Thaksin factor all over again

Coups and elections have become a routine fixture in Thailand. And this time around, will it be the pro- or anti-Thaksin forces who will prevail.

ON Monday, in a televised address, Thailand Prime Minister Yingluck Shinawatra announced she would dissolve parliament and hold a snap election.

Wah, another election in Thailand,” said a colleague at Menara Star in the Petaling Jaya office.

There might not be an election,” I said.

On that Monday, hundreds of thousands were marching to the Government House (the office of the Thai Prime Minister) to force the Yingluck government to step down.

The Prime Minister’s attempt to pass an amnesty Bill in parliament that would have pardoned her older brother, Thaksin, of his criminal conviction sparked the latest street protest.

Under pressure from demonstrators who have flooded the streets of Bangkok for weeks, Yingluck told the Thais: “At this stage, when there are many people opposed to the government from many groups, the best way is to give back the power to the Thai people and hold an election.
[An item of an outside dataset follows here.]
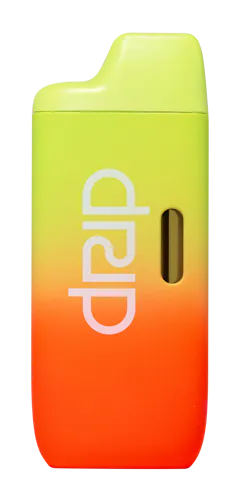 Strawberry Watermelon | Disposable Pen | 2g-2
So the Thai people will decide.”

There might not be an election because the Thai people – three fifths of the voting electorate mostly from rural north and northeast of the country – will decide to vote into power a party linked to Thaksin, who was Thai Prime Minister from 2001 to 2006.

Since 2001, parties – Thai Rak Thai (TRT), People’s Power Party (PPP) and Pheu Thai – controlled by Thaksin have comfortably won all Thai polls.

So how do you get into power without allowing the Thai people to decide?

If you can’t beat Thaksin in this game called elections, what you do is launch a military coup while he is in New York to attend the United Nations general assembly.

On the night of Sept 19, 2006, a few weeks after I started working in Bangkok as The Star’s Thailand correspondent and Asia News Network (ANN) editor, I received an SMS informing that there was a military coup.

I told my then fiancee, Vera, to stay in the apartment, lock the door and not open it unless it was me, and I walked for five minutes to The Nation’s office, a Thai English newspaper that together with The Star are members of ANN, an alliance of Asian newspapers.

The military has launched a coup,” a jubilant journalist at the newsroom told me.

Later, I looked out of the window of the ANN office and saw soldiers surrounding The Nation building.

They are friendly soldiers,” a Nation journalist told me. “They are here to protect us.”

The military installed a caretaker Prime Minister. To make sure Thaksin’s political grip was uprooted, the courts banned TRT.

In December 2007, elections were held in Thailand and PPP (a TRT reincarnation) won most of the votes. The self-exiled Thaksin – or to be precise his proxy – was back in power. His brother in law, Somchai Wongsawat, was even elected Prime Minister.

The anti-Thaksin forces (with allies in the military, courts and monarchy) then did what they did before the 2006 military coup.

They unleashed the Yellow Shirts to bring down the People’s Power Party government to step down.

One of their crippling stunts was to occupy Suvarnabhumi and Don Muang airports in Bangkok in late November 2008.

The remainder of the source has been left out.